In their joint Preface to the report that emerged from the conference titled, "Beyond Shifting Sands: The Environment in India and Pakistan" (IUCN and CSE 1994), Kabraji and Agarwal wrote: "The 'environment' that we met to talk about...remains as ever, beseiged.  Under attack by those same forces of greed, ignorance and mismanagement as before. There is a crisis of governance in both our societies, and the ideals and values implied in the sustainable development paradigm appear urgently and relevantly as the only way forward. "

What they wrote then could not be more relevant today.

Both our societies face a crisis of governance when it comes to the environment.  Every crisis, such as the current smog, is dealt with in a piecemeal fashion, as if all one wants is one clear day without smog.  Yet it is the cumulative actions and mismanagement of resources spanning over decades that have led to the current crisis. 

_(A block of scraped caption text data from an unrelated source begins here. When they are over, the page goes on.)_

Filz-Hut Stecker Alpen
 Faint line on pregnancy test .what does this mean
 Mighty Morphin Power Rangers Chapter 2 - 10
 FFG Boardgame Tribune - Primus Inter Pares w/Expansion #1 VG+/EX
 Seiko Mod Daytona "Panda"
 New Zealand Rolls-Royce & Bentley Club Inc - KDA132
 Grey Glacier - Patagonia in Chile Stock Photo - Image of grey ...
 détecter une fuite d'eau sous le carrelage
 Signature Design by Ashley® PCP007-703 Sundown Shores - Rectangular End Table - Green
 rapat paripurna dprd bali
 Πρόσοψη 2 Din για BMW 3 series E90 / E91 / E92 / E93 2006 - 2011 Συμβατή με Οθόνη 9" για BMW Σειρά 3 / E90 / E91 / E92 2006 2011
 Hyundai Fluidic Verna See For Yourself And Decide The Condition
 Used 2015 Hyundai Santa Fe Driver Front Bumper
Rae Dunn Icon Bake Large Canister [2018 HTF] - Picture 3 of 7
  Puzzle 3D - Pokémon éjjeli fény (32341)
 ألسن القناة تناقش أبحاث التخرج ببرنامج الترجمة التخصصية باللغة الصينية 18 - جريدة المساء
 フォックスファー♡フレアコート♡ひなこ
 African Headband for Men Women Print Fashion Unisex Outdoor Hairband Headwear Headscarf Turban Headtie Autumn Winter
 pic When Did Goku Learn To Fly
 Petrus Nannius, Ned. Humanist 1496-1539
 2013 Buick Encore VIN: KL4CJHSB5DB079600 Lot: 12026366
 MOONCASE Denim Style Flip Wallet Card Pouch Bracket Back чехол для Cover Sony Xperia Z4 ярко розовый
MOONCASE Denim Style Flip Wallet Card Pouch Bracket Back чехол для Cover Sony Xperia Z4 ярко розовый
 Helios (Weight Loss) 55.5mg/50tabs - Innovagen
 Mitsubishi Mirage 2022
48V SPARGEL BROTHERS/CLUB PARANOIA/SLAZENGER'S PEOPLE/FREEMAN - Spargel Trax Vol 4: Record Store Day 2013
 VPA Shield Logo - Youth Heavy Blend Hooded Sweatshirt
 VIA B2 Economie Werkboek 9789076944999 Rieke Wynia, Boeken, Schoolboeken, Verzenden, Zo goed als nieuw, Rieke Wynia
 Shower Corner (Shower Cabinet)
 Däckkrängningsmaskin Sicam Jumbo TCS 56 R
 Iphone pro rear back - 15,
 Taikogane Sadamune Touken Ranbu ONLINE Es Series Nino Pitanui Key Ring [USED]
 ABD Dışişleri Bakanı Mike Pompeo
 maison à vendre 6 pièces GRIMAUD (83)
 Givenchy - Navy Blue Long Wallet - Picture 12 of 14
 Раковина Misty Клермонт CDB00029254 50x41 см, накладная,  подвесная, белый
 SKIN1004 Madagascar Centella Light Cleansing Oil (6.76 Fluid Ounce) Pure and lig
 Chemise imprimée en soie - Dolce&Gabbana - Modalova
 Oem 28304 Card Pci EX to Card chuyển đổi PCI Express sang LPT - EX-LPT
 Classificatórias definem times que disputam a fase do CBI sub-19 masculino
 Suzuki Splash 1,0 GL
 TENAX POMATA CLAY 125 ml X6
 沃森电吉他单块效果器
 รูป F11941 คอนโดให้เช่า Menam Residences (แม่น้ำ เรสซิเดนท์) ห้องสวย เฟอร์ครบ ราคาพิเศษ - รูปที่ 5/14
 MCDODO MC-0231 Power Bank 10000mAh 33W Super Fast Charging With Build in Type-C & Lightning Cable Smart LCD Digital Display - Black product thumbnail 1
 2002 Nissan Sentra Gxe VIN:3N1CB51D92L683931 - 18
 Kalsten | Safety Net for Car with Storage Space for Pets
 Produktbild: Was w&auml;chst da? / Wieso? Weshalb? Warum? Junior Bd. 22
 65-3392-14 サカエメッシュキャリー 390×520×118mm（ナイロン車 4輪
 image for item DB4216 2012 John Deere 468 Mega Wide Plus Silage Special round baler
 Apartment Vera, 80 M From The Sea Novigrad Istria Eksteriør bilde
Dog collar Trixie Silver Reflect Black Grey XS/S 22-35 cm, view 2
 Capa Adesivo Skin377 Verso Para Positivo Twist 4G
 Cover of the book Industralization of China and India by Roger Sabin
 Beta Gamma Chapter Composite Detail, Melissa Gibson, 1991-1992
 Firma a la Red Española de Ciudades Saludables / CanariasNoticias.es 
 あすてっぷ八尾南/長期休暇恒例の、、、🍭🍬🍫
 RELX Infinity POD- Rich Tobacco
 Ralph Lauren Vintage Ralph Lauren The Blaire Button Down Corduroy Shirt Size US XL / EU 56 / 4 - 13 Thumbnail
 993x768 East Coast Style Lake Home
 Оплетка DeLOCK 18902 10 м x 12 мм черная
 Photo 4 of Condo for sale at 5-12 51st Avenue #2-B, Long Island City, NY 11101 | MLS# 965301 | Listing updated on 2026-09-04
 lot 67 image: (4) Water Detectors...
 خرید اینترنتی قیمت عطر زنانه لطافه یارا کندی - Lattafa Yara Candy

Undoing the wrongs of past policies must necessarily mean acknowledging what and why things went wrong.  No one is willing to sit down and address that, or to heed those who are pointing out the long-term correctives that can still be put in place.  Instead every authority -- whether a state government, or a court -- is busy undercutting and criticising measures suggested by the other without any constructive alternative. 

The problem we face is not SMOG -- it is the fog in our minds, and our inability to rise above the clutter to see the clear light of day.